*** Dataset extract

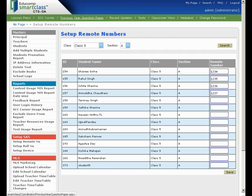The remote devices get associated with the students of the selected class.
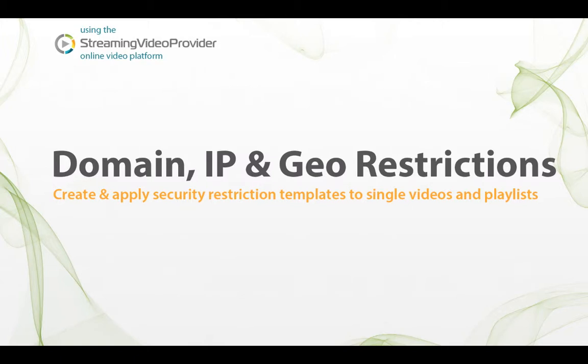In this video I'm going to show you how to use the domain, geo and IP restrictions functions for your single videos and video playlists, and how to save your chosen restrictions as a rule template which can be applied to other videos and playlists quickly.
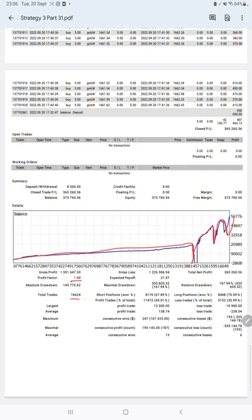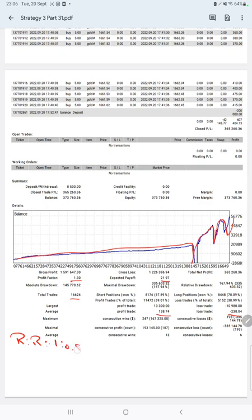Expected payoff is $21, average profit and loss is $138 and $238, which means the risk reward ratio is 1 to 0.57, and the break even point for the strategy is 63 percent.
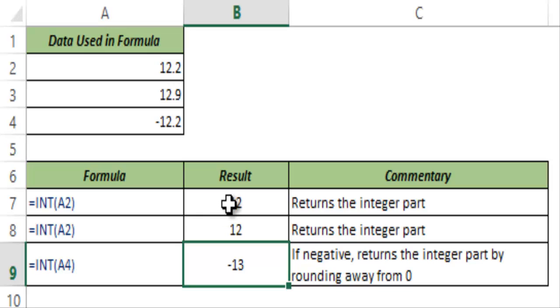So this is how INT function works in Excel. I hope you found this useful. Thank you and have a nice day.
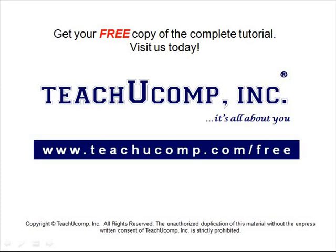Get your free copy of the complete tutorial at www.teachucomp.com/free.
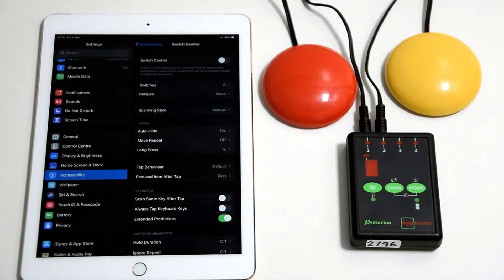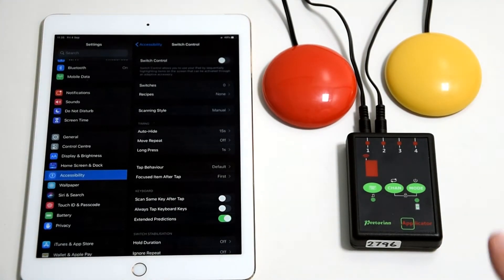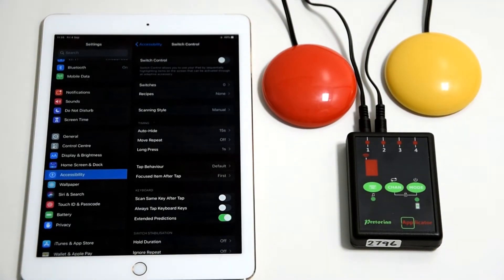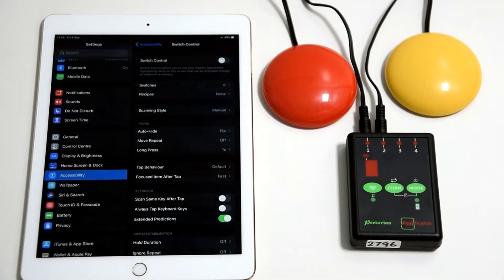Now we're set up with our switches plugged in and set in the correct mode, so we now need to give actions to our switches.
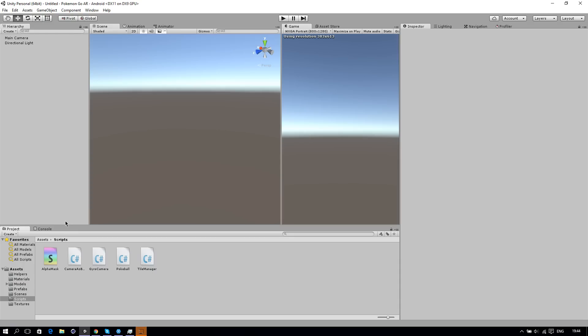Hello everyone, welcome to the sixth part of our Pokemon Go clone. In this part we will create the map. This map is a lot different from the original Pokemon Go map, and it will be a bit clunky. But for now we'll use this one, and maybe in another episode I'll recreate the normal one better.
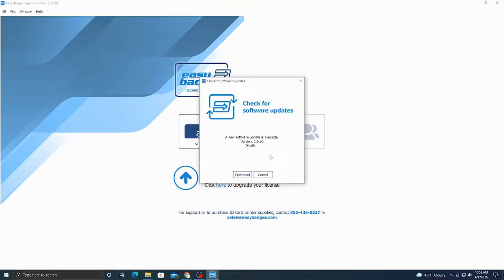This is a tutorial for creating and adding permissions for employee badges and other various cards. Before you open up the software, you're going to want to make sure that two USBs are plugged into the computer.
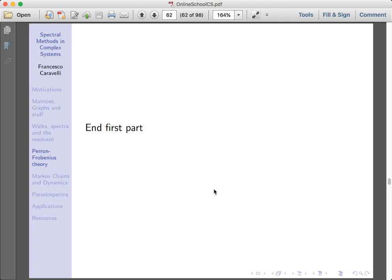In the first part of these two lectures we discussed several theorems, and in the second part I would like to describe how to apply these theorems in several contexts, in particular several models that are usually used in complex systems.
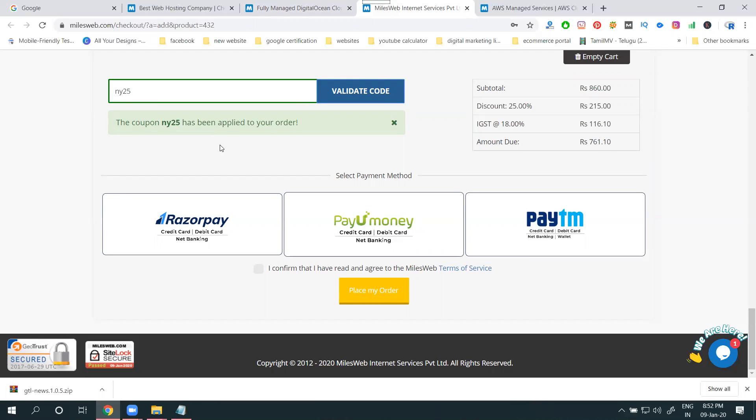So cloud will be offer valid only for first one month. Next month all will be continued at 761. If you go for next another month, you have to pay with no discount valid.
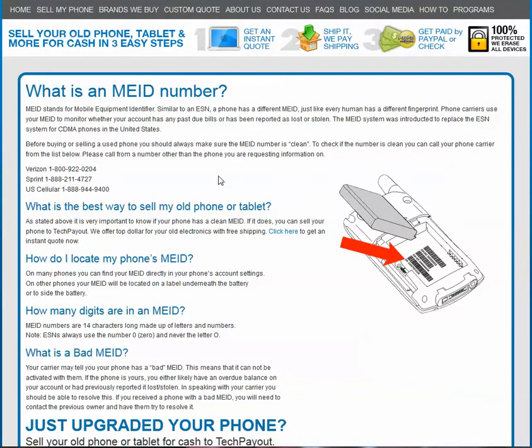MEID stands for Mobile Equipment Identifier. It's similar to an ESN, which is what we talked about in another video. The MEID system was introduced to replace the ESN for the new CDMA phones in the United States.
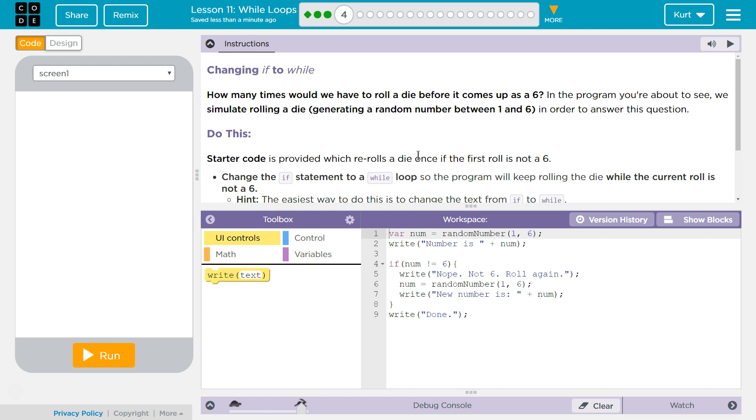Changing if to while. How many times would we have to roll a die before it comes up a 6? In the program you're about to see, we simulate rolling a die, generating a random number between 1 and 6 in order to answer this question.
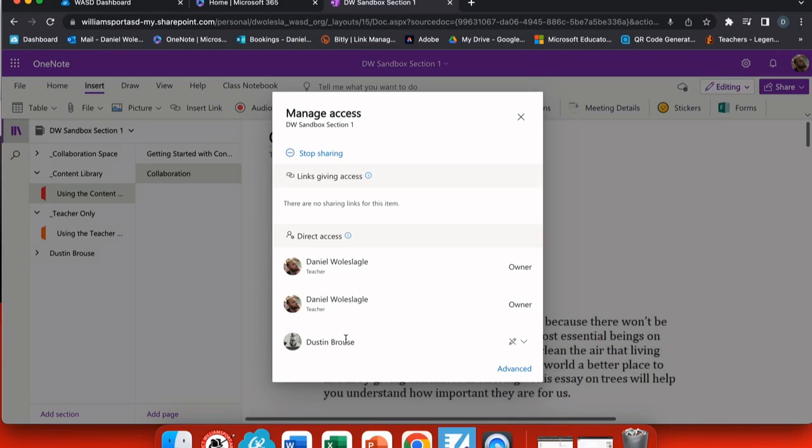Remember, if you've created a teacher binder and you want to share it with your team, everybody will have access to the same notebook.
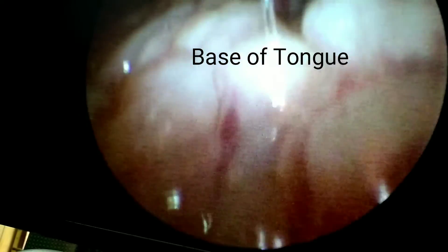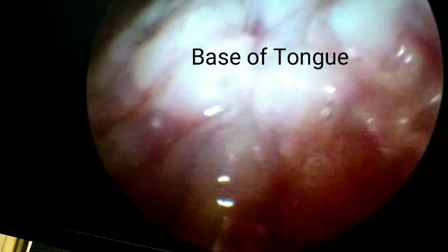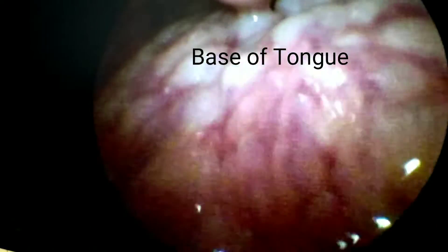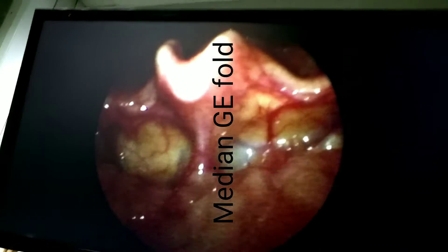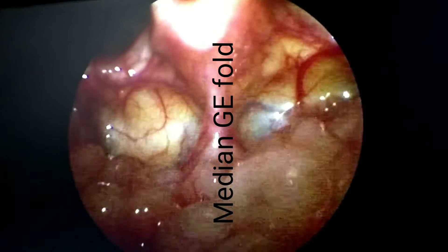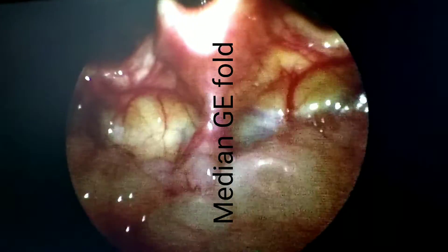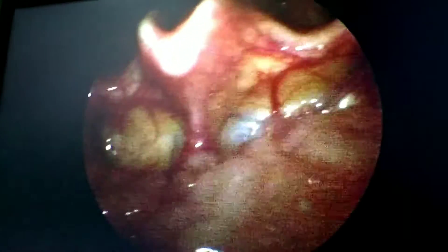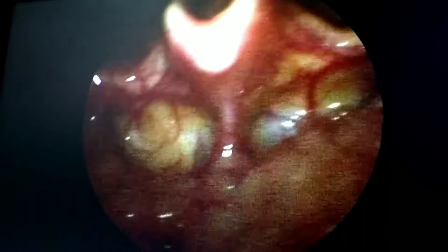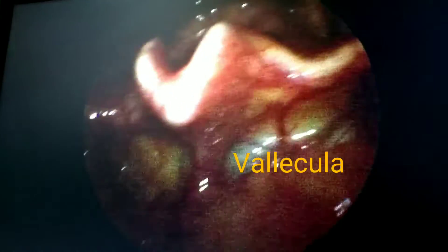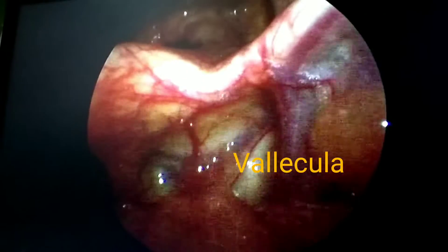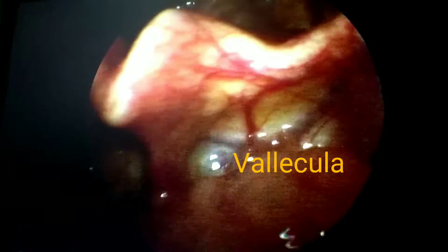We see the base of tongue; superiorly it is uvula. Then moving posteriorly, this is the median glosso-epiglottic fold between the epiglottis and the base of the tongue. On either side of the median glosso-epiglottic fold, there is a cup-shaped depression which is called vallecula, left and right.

******
*** Dataset extract

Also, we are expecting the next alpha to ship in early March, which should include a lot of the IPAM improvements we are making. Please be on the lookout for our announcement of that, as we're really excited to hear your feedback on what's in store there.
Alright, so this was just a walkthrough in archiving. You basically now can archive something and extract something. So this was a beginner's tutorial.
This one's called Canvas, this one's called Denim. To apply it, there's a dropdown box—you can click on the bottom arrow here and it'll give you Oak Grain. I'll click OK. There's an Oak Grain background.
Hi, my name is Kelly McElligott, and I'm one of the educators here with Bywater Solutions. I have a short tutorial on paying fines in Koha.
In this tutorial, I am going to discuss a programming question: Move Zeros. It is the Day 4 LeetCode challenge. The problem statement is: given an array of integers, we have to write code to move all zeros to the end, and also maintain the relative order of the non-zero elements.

******

What the task asks: Beginning with the line above that contains "Get your free" and ending with the line that contains "Now we're set", quote each line exactly, keeping out the pictures.

Result below:
Get your free copy of the complete tutorial at www.teachucomp.com/free.
Now we're set up with our switches plugged in and set in the correct mode, so we now need to give actions to our switches.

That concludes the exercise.